Four wheels bad ... two wheels good

IssueOctober 2006
Comment by Jeff Cloves

Phil Reardon (PN obit July/August) was a gem of a bloke “very much in the William Morris News From Nowhere tradition” as Howard Clark put it and his wonderfully inventive tract on re-cycling cycles is still my constant companion.

Here in Stroud, the founders of Bicycology shyly admit to having never heard of Phil or his great work but they are clearly his philosophical descendants. By osmosis, or otherwise, their excellent guide has been compiled with the same wit and flair that Phil showed all those years ago.

Love your bike

Unfortunately, you can now pay as much as #3000 for a bike designed to sit alongside your Porsche car and your Harley Davidson motorbike, in a garage the size of a house.

The technical complexities of such bikes demand a degree in engineering to understand and maintain, and are a far cry from Phil's espousal of the sensible, simple and intimate. His insistence that “bikes really don't need a lot of maintenance, but minor problems do have a way of turning into major ones if not attended to - a well-put-together, well tended bike is a real friend”, is echoed by the Bicycologists.
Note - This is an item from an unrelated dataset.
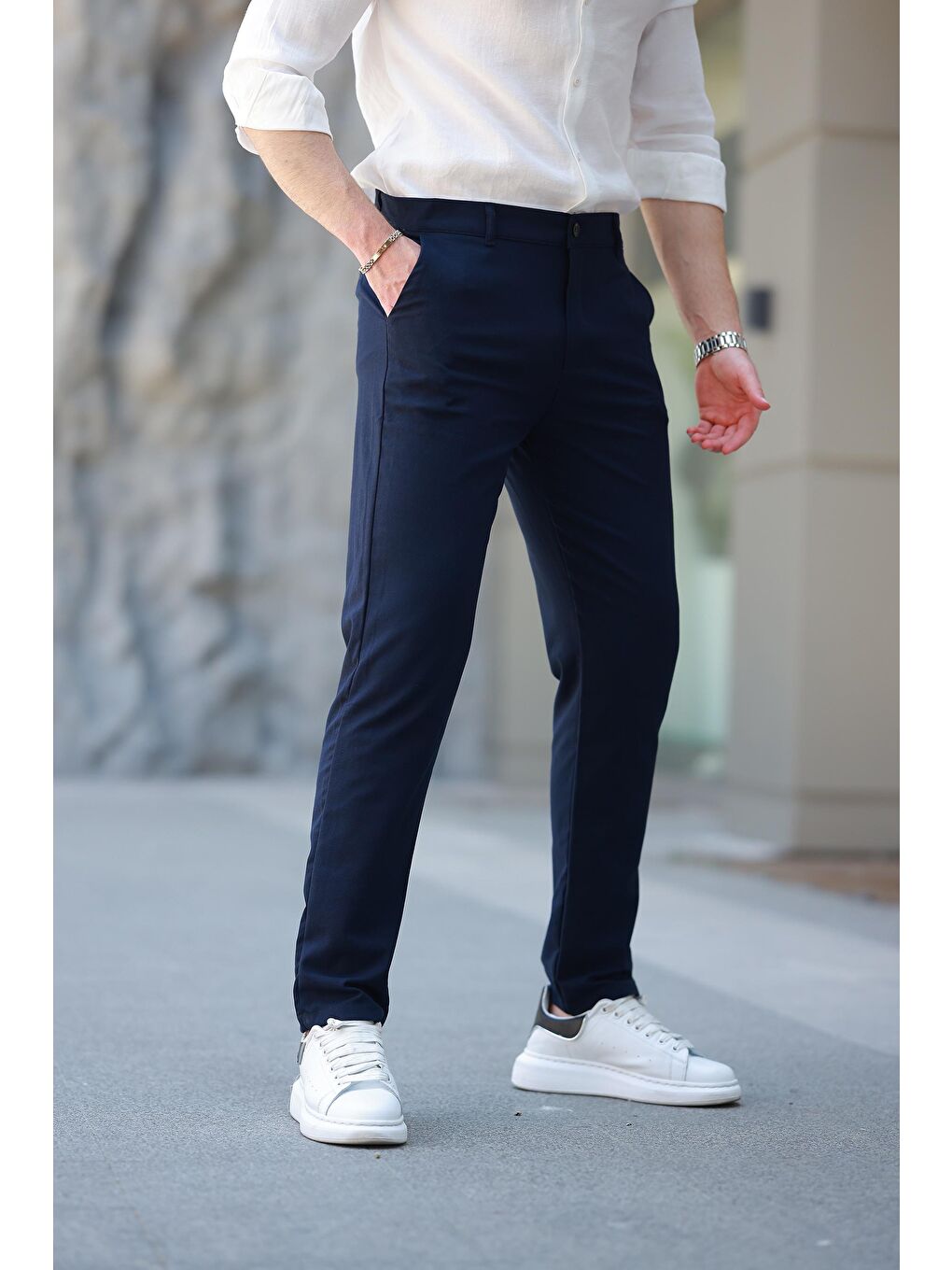 Lacivert Basic Erkek Pantolon E6576-7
The founders of Bicycology, James and Imogen, are peace activists and anti-globalisation campaigners from Stroud and had an excellent stall at our recent free fringe festival. They, like Phil, are champions of re-cycling but their Guide to Bicycology (Imogen did the excellent drawings) is also a statement of their wider beliefs. What makes it particularly endearing is its plain speech and its wit. Thus: “The following definition (taken from Pedals' Fictionary) should give the reader some insight into the field we shall be exploring. However, as will be noted, there is some disagreement and debate concerning whether Bicycology is an Art or a Science, or indeed whether it is either. It is worth pointing out that most Bicycologists have tired of this debate, preferring to get on their bikes and ride.”

Spanners in the wheels

I am a member of the Stroud Valleys Cycle Campaign and our newsletter, Uphill, has this quotation on its masthead: “Every time I see an adult on a bicycle I no longer despair for the human race”. It's from HG Wells - author of The War of the Worlds amongst other books.

The trouble is, that as our own capitalist wars of the world rage, fewer and fewer people are riding bikes. India and China have turned against bikes and increasingly worship the car - the Indian government is proposing banning inner-city cycle rickshaws in Mumbai - and at home, outside London at least, bicycle journeys are stagnating when not falling.

Cycles of change

Years ago, my friend Mike Bartholomew had a wonderful idea for a Bicycle Aldermaston - why trudge when you can ride a bike was his idea - and it would have had a symbolic impact too. Cycling was intimately involved with the birth of the feminist movement (see HG Wells's wonderful novel Wheels of Chance) and socialism (the Clarion Cycling Club).

Despite BSA making folding bikes for paratroopers in WW2 I've always thought of bikes as essentially pacific. War is motorised, but I started my own cycling life in a sidecar attached to my mum and dad's tandem. Now, here I am writing for PN. I rest my case.